OLS Regression: Scikit vs. Statsmodels?

32,581

Solution 1

It sounds like you are not feeding the same matrix of regressors X to both procedures (but see below). Here's an example to show you which options you need to use for sklearn and statsmodels to produce identical results.

import numpy as np
import statsmodels.api as sm
from sklearn.linear_model import LinearRegression

# Generate artificial data (2 regressors + constant)
nobs = 100 
X = np.random.random((nobs, 2)) 
X = sm.add_constant(X)
beta = [1, .1, .5] 
e = np.random.random(nobs)
y = np.dot(X, beta) + e 

# Fit regression model
sm.OLS(y, X).fit().params
>> array([ 1.4507724 ,  0.08612654,  0.60129898])

LinearRegression(fit_intercept=False).fit(X, y).coef_
>> array([ 1.4507724 ,  0.08612654,  0.60129898])

As a commenter suggested, even if you are giving both programs the same X, X may not have full column rank, and they sm/sk could be taking (different) actions under-the-hood to make the OLS computation go through (i.e. dropping different columns).

I recommend you use pandas and patsy to take care of this:

import pandas as pd
from patsy import dmatrices

dat = pd.read_csv('wow.csv')
y, X = dmatrices('levels ~ week + character + guild', data=dat)

Or, alternatively, the statsmodels formula interface:

import statsmodels.formula.api as smf
dat = pd.read_csv('wow.csv')
mod = smf.ols('levels ~ week + character + guild', data=dat).fit()

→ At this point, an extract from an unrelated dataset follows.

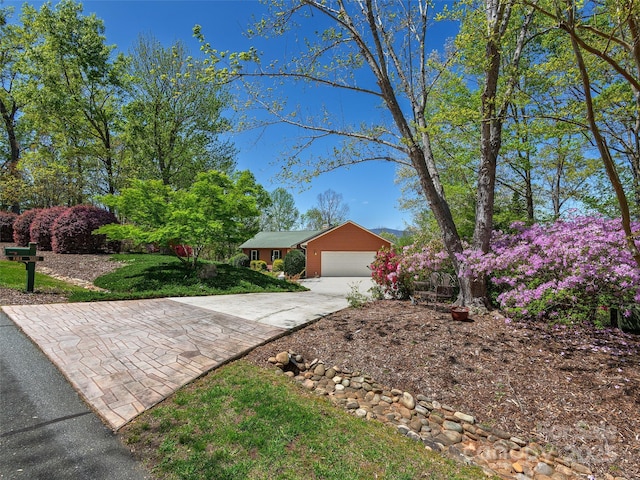 121 Canoe Dr, Mill Spring, NC 28756 - view of front of property with an attached garage and concrete driveway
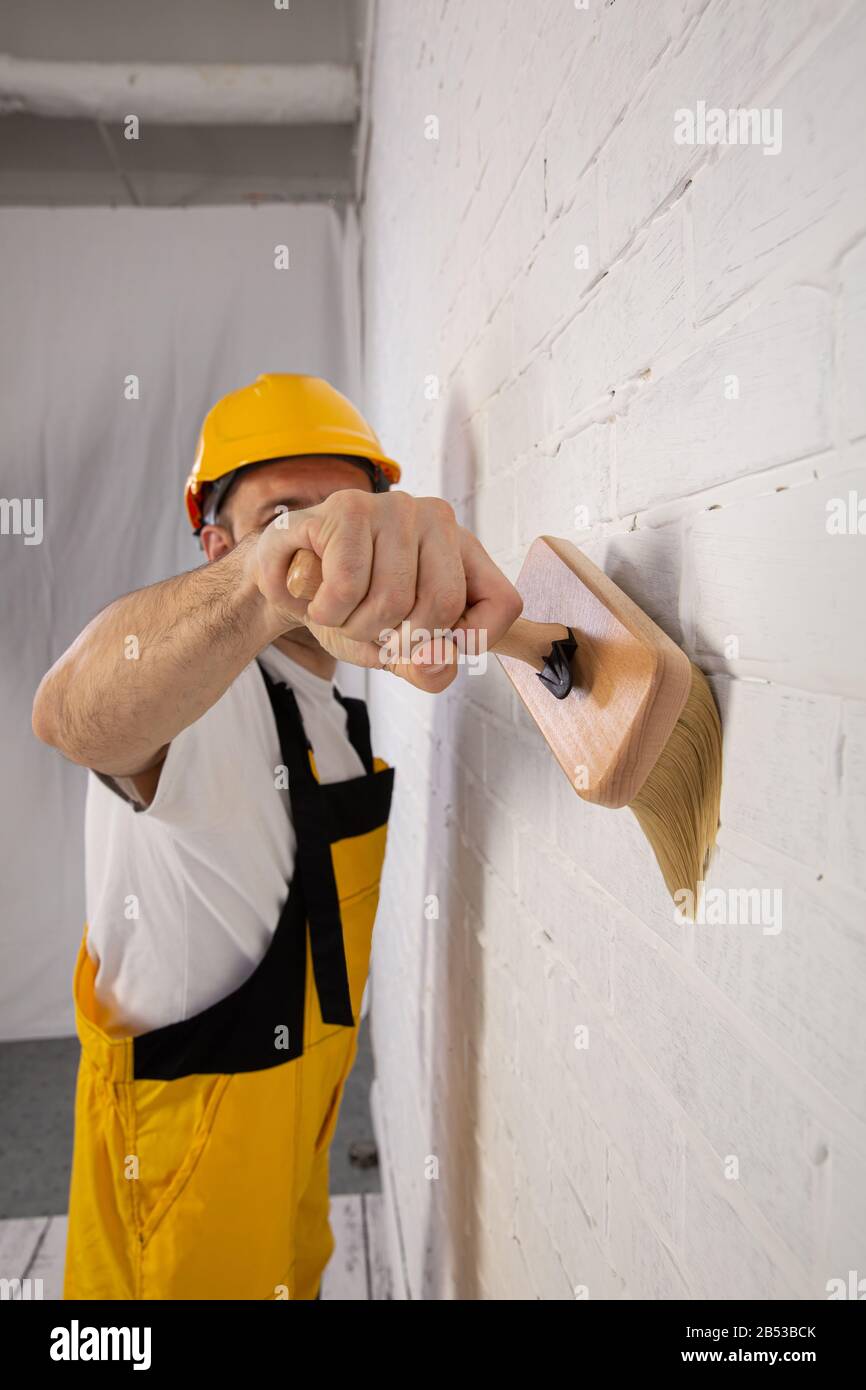 Pintor en un sitio de la construcción mientras que hace su trabajo. Está  vestido con ropa de trabajo especial Fotografía de stock - Alamy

Edit: This example might be useful: http://statsmodels.sourceforge.net/devel/example_formulas.html

Solution 2

If you use statsmodels, I would highly recommend using the statsmodels formula interface instead. You will get the same old result from OLS using the statsmodels formula interface as you would from sklearn.linear_model.LinearRegression, or R, or SAS, or Excel.

smod = smf.ols(formula ='y~ x', data=df)
result = smod.fit()
print(result.summary())

When in doubt, please

  1. try reading the source code
  2. try a different language for benchmark, or
  3. try OLS from scratch, which is basic linear algebra.
Share:
32,581
Nat Poor
Author by

Nat Poor

Updated on July 09, 2022

Comments

  • Nat Poor
    Nat Poor almost 2 years

    Short version: I was using the scikit LinearRegression on some data, but I'm used to p-values so put the data into the statsmodels OLS, and although the R^2 is about the same the variable coefficients are all different by large amounts. This concerns me since the most likely problem is that I've made an error somewhere and now I don't feel confident in either output (since likely I have made one model incorrectly but don't know which one).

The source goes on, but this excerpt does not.